Would you print only the lines running from the one with "Falls Creek Faux" to the final line of the data below, word for word and without pictures?

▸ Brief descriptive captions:
+ + +

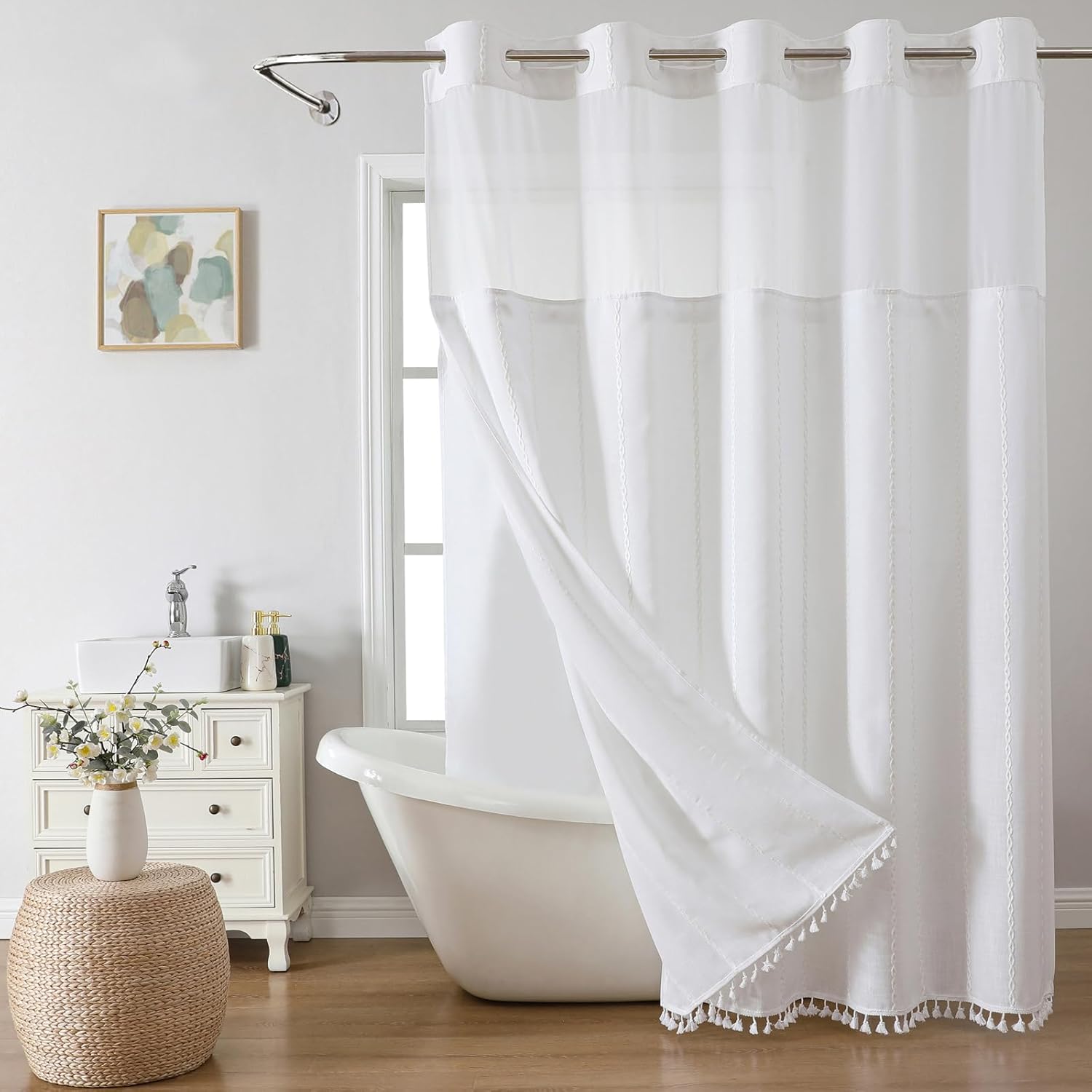 No Hook Extra Long Shower Curtain Set for Modern Farmhouse Style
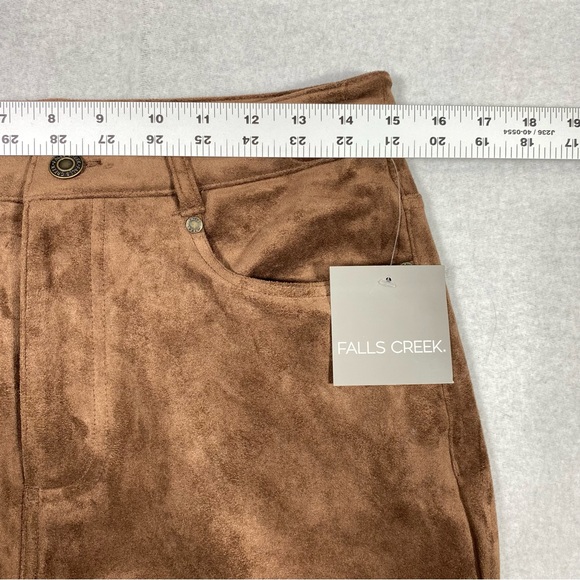 Falls Creek Faux Suede Midi Skirt Women's 8 Brown Front Slit Pockets Elegant NWT - Picture 13 of 14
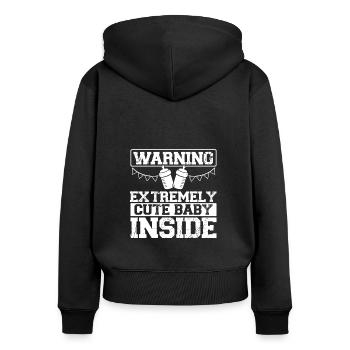 Warnung Süßes Baby Drinnen - Frauen Premium Bio Zip Hoodie - Schwarz - Hinten - Julia (174cm)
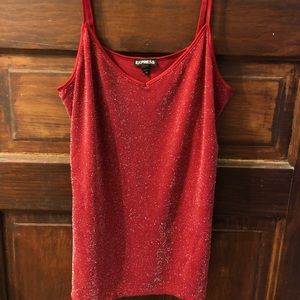 Red sparkly tank wore once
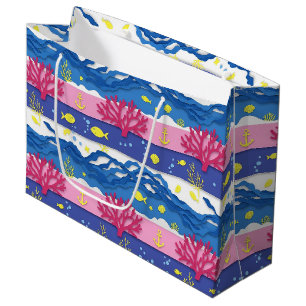 Retro-nautisches Aquarellmuster (13) Große Geschenktüte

+ + +

▸ Task result:
 Falls Creek Faux Suede Midi Skirt Women's 8 Brown Front Slit Pockets Elegant NWT - Picture 13 of 14
 Warnung Süßes Baby Drinnen - Frauen Premium Bio Zip Hoodie - Schwarz - Hinten - Julia (174cm)
 Red sparkly tank wore once
 Retro-nautisches Aquarellmuster (13) Große Geschenktüte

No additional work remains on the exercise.